Dutch mycologist (1906–1995)

Emile Kits van Waveren (10 March 1906–3 September 1995) was a Dutch mycologist known for his contributions to the taxonomy of fungi, particularly the genus Psathyrella.

==Biography==

Kits van Waveren was born on 10 March 1906 in Haarlem, Netherlands. He studied medicine at the University of Amsterdam, from which he graduated in 1932. His mycological career began with a publication on earth stars (Geastrum, Astraeus and Myriostoma) in 1926, though his most prolific period of mycological research began in 1968.

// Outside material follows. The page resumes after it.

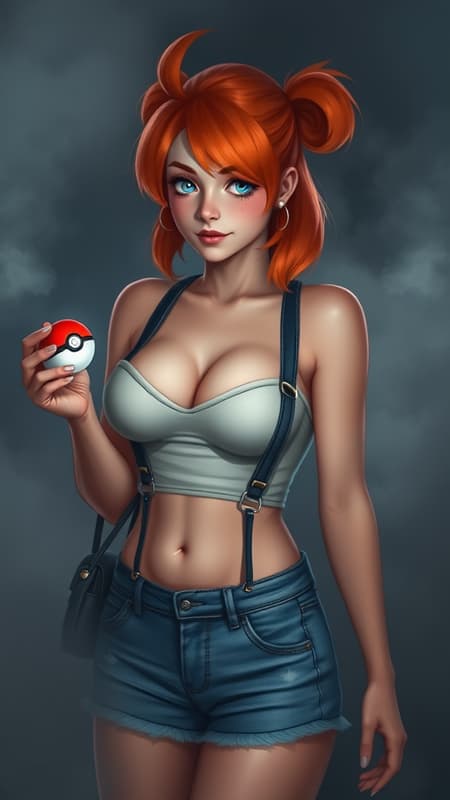 A depiction of a young woman resembling Misty from Pokémon, holding a Pokéball, surrounded by a mysterious fog. She wears low-waisted jean shorts and a snug tank top with suspenders, accentuating her busty figure. Her vibrant orange hair is styled in a playful manner, complementing her lively appearance. A depiction of a young woman resembling Misty from Pokémon, holding a Pokéball, surrounded by a mysterious fog. She wears low-waisted jean shorts and a snug tank top with suspenders, accentuating her busty figure. Her vibrant orange hair is styled in a playful manner, complementing her lively appearance.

Van Waveren was particularly noted for his monograph "The Dutch, French and British species of Psathyrella" (1985), which described and illustrated approximately 100 species, including 10 new to science. Throughout his career, he discovered and described 31 new fungal species. Four species were named in his honour: Psathyrella waverenii, Entoloma kitsii, Psathyrella kitsiana, and Psathyrella waveriana.

Despite maintaining a medical career through the 1960s and 1970s, van Waveren followed a strict mycological schedule, collecting specimens on Saturdays, examining them on Sundays, and verifying his findings at the Rijksherbarium on Mondays. His research was primarily conducted in select locations across the Netherlands, Scotland, Wales, and England. His herbarium, containing over 5,000 specimens, was donated to the Rijksherbarium in Leiden.

In 1981, he established the Rijksherbarium Foundation Dr. E. Kits van Waveren to promote research on the fungal order Agaricales. Through his legacy, the foundation continues to finance fellowships at the Rijksherbarium.

Van Waveren was recognised for both his scientific and wartime contributions. He received the Verzetskruis (Dutch Cross of Resistance) for his role in the Dutch resistance during World War II, and the Zilveren Anjer from the Prince Bernhard Foundation for his scientific achievements as an amateur mycologist. He served as an honorary staff member of the Rijksherbarium from 1970 and was made an honorary member of the Netherlands Mycological Society in 1983.

His approach to mycology was characterised by meticulous observation and detailed record-keeping, with his collections accompanied by extensive descriptive notes and drawings of spores and cystidia. His work advanced the study of fungi in Europe, particularly through his contributions to the taxonomy of Psathyrella.